$\sum_{(s,t)\in S\times T} f(s,t)=\sum_{s\in S}\sum_{t\in T} f(s,t)$ via Fubini-Tonelli?

Question

Let $f: S\times T \to [0,\infty[$ be a function. I wish to show that

$$\sum_{(s,t)\in S\times T} f(s,t)=\sum_{s\in S}\sum_{t\in T} f(s,t)$$

I know that in general we have $$\int_X g d\mu =\sum_{x\in X} g(x)$$ for a function $g$ defined on $X$ where $\mu$ denotes the counting measure and the theorem then follows by Fubini-Tonelli if we ask that $S,T$ are countable so that our measures are $\sigma$-finite.

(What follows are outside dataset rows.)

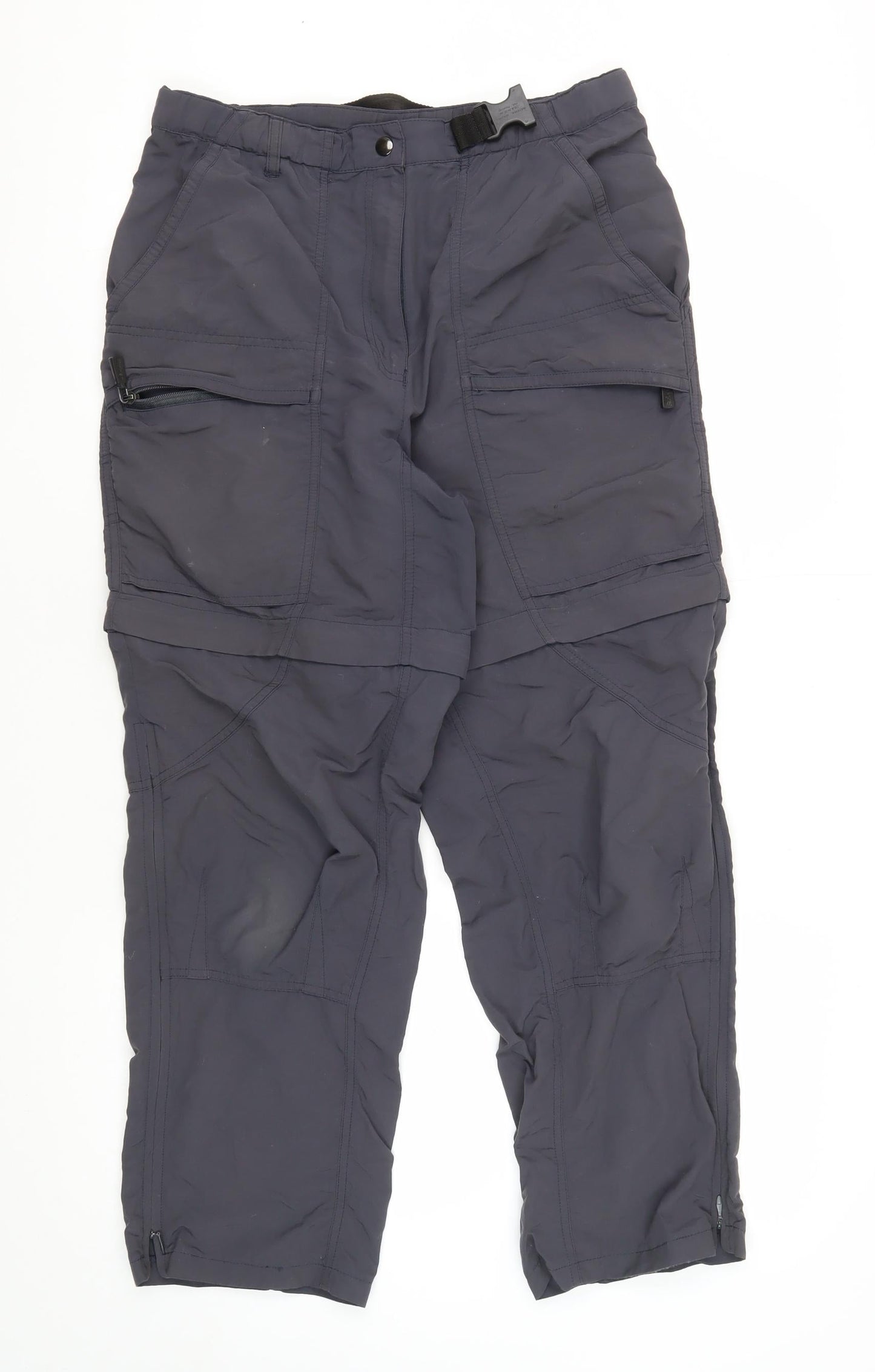 Rohan Women's Black Cropped Trousers XS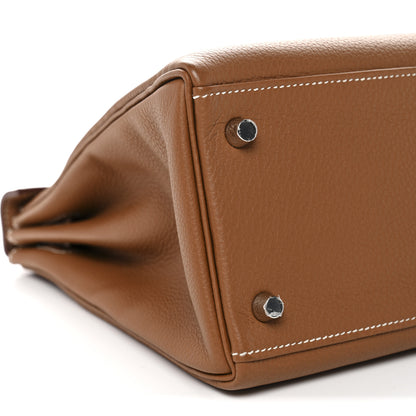Hermes Togo Kelly Retourne 28 Gold 9 of 11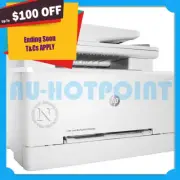 HP Laserjet M283FDN 4in1 Color Laser Network Printer+Duplex+ADF+FAX #206A Toner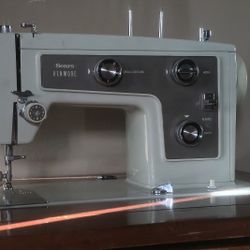 Sears Kenmore Vintage Sewing Machine 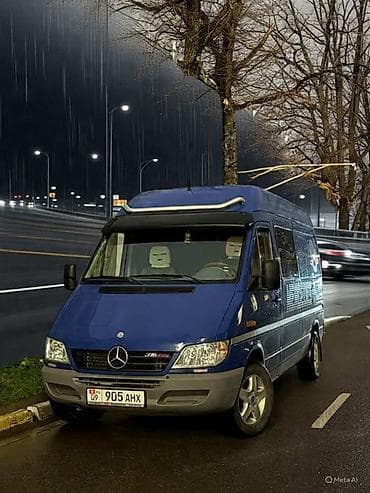 sprinter рекс: Mercedes-Benz Спринтер: 2004 г., Автомат, Дизель, Фургон — 3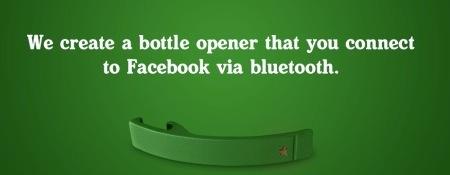 L'apribottiglie Social/Bluetooth di Heineken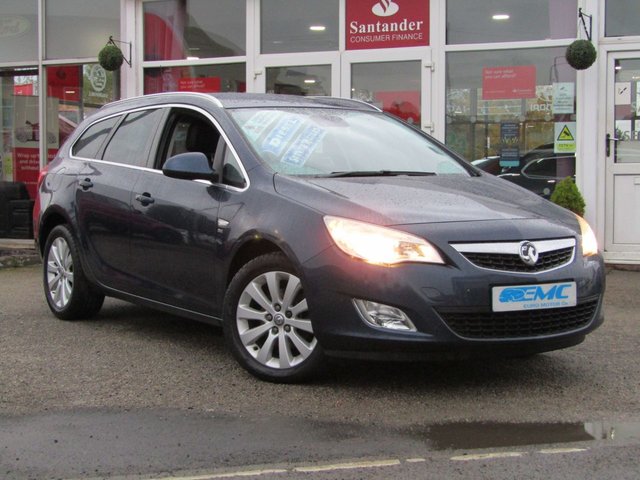 2012 12 Vauxhall Astra 2.0 SE CDTI S/S 5d 163 BHP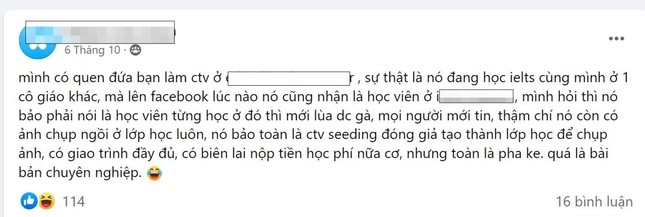 Muôn kiểu cam kết học IELTS... khiến học viên tan nát cõi lòng - Ảnh 4.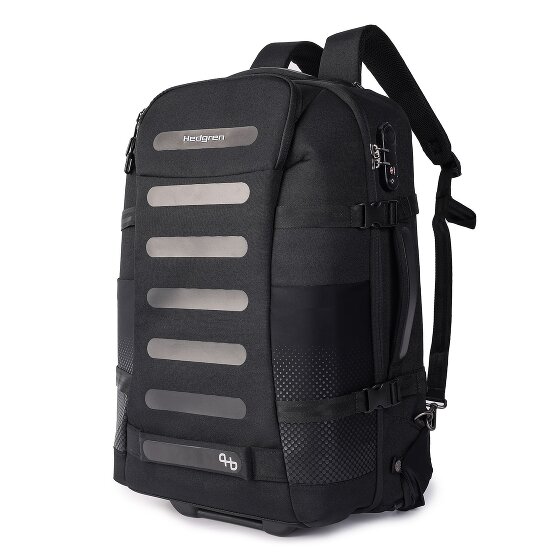 Hedgren Comby Multy 2 wheels Wheeled backpack RFID protection 55 cm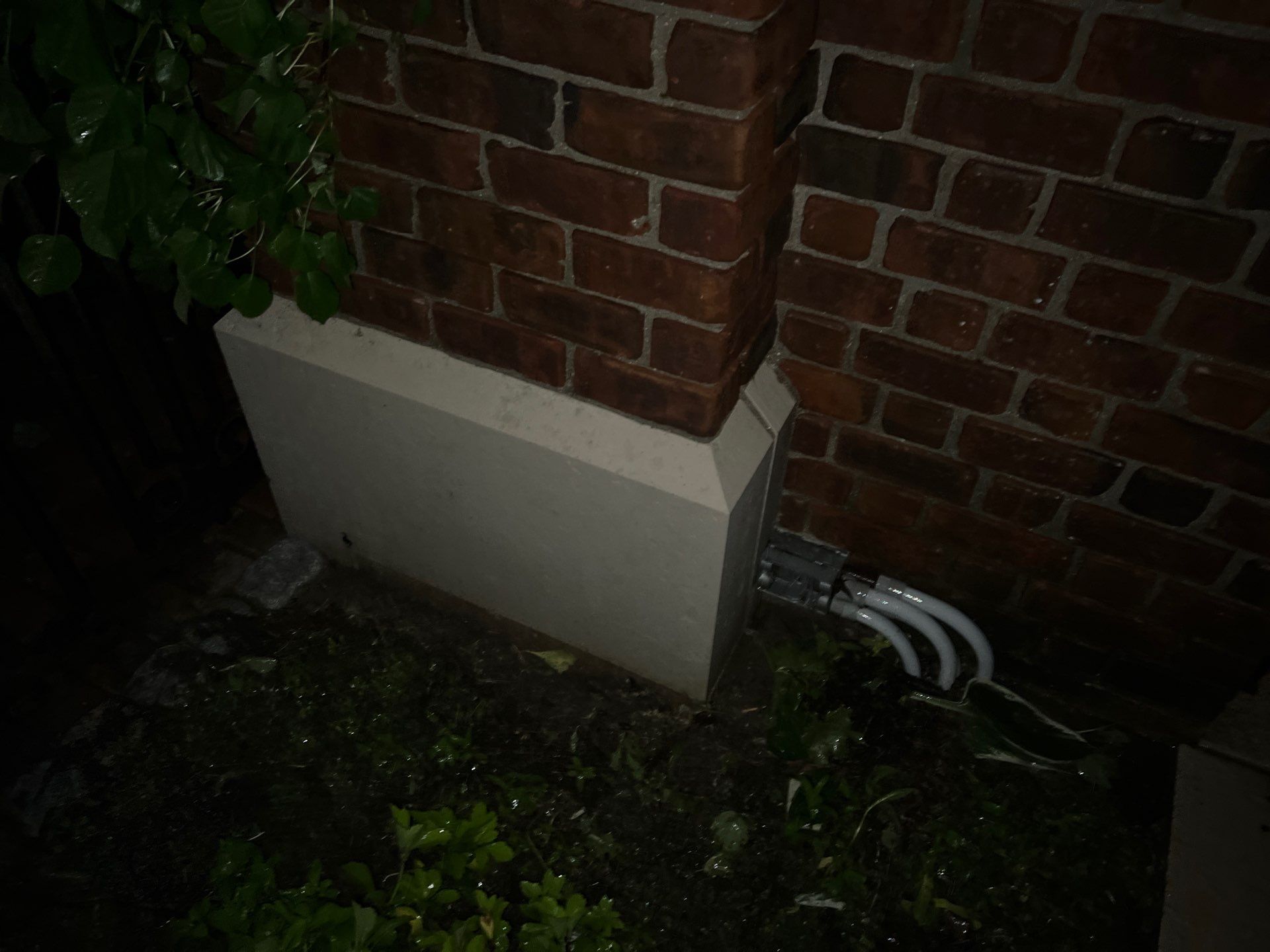 Brick paver clean, sand and seal.  using Algaecide, soft wash soap by Northern Power Washing LLC.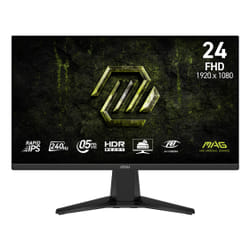 MSI MAG 245F X24 écran plat de PC 60,5 cm (23.8") 1920 x 1080 pixels Full HD LCD Noir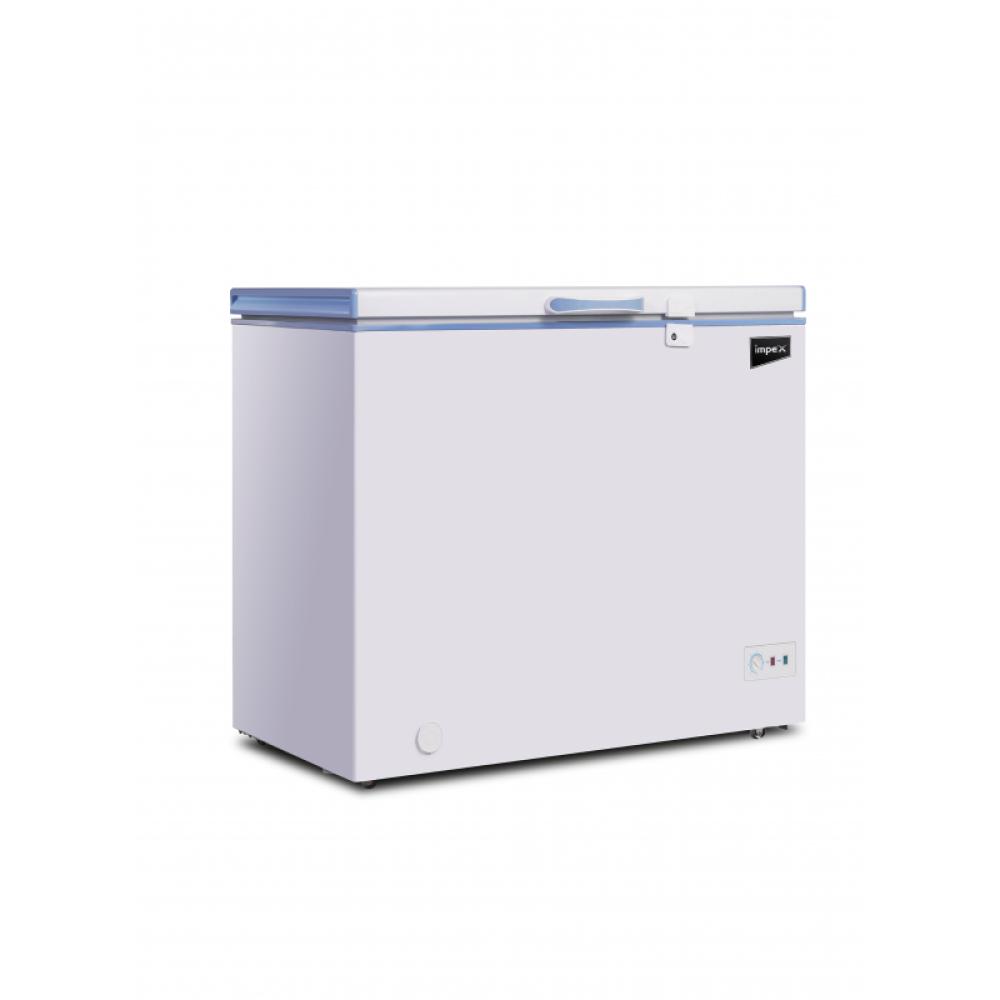 Impex 150L Horizontal Freezer, White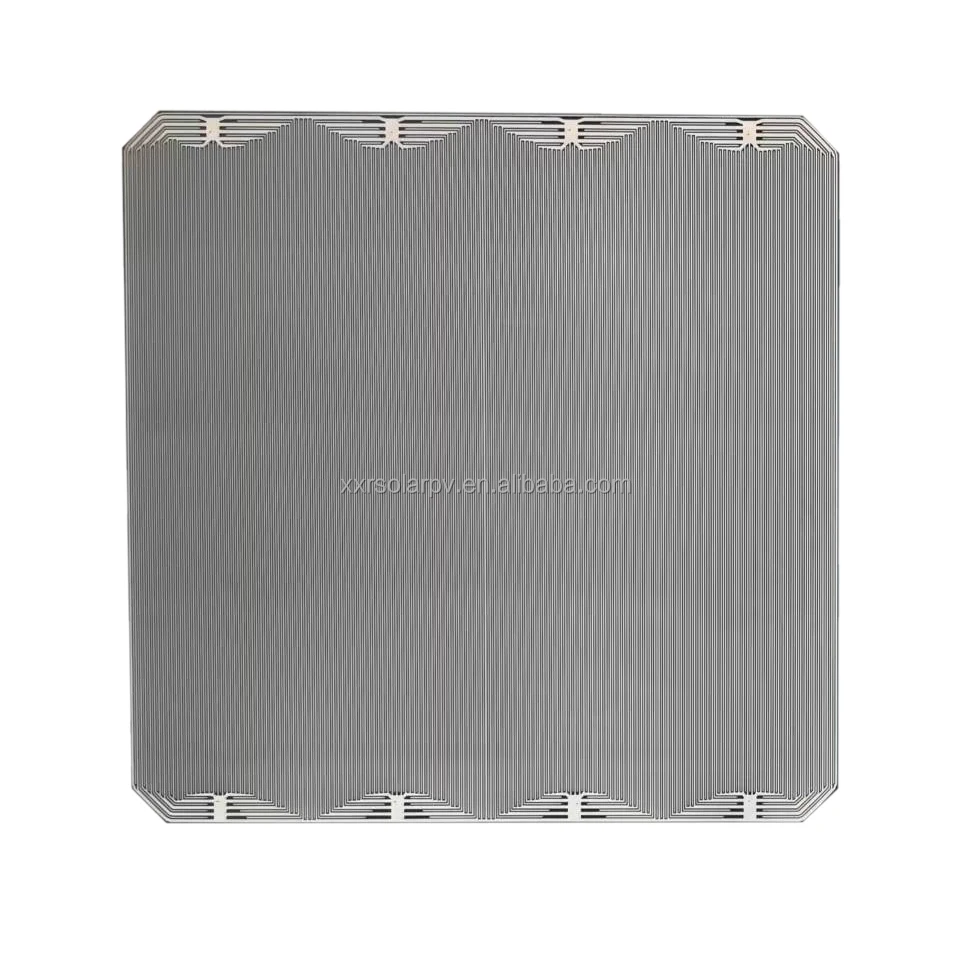 Original Packaging High Efficiency Class A N-Type Monocrystalline 166*166mm 22% 6.03w Sunpower GEN6 Solar Cell Maxeon Technology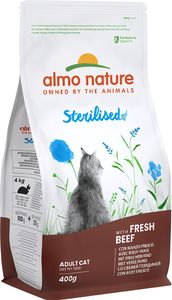 ΞΗΡΑ ΤΡΟΦΗ ΓΑΤΑΣ ALMO NATURE HOLISTIC STERILIZED ΜΟΣΧΑΡΙ (400GR) ΞΗΡΑ ΤΡΟΦΗ ΓΑΤΑΣ ALMO NATURE HOLISTIC STERILIZED ΜΟΣΧΑΡΙ (400GR)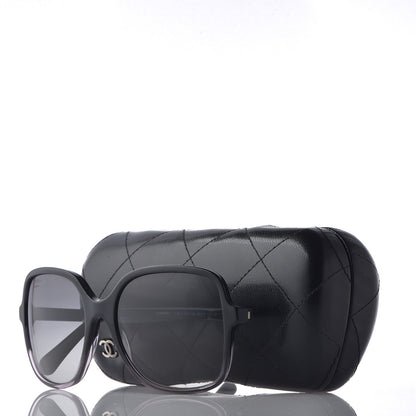 Chanel Polarized CC Sunglasses 1349 Black 8 of 9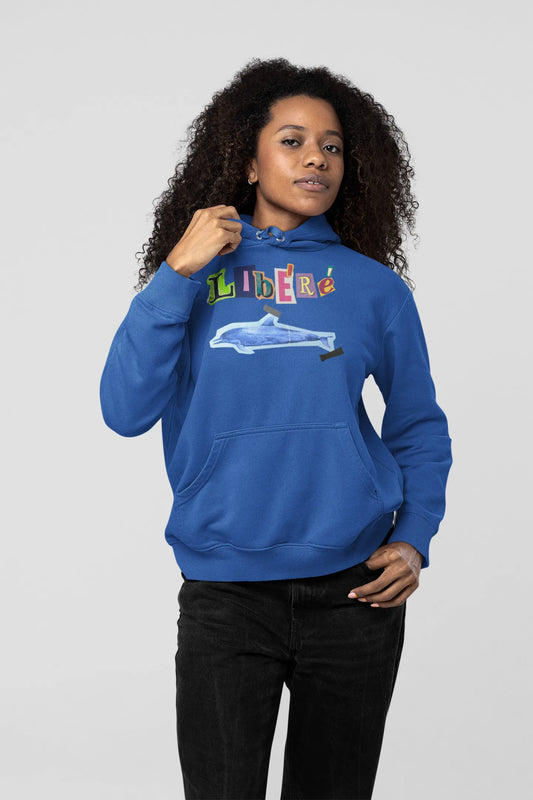Sudadera delfín libere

But is there a way to get this result if S or T is uncountable?

Answer 1

If an uncountable sum $\sum a_i$ of non-negative numbers is finite then all but countably many terms are $0$. Using this you can see that if either side of the equation is finite then $f(s,t)=0$ except for countably many pairs $(s,t)$ so the uncountable case can also be proved using Tonelli's Theorem.

Answer 2

If you just want to get the result, then you can prove it directly, without bringing measure theory into it. First, we need a standard non-measure-theoretic definition of the sum: $$ \sum _ { s \in S } f ( s ) : = \sup _ { F \in \mathcal F S } \sum _ { s \in F } f ( s ) \text , $$ where $ \mathcal F S $ is the collection of finite subsets of $ S $, if $ f $ is a positive function. (Then $ \sum f : = \sum f ^ + - \sum f ^ - $ for general functions, as usual. But the proof will focus on positive functions.)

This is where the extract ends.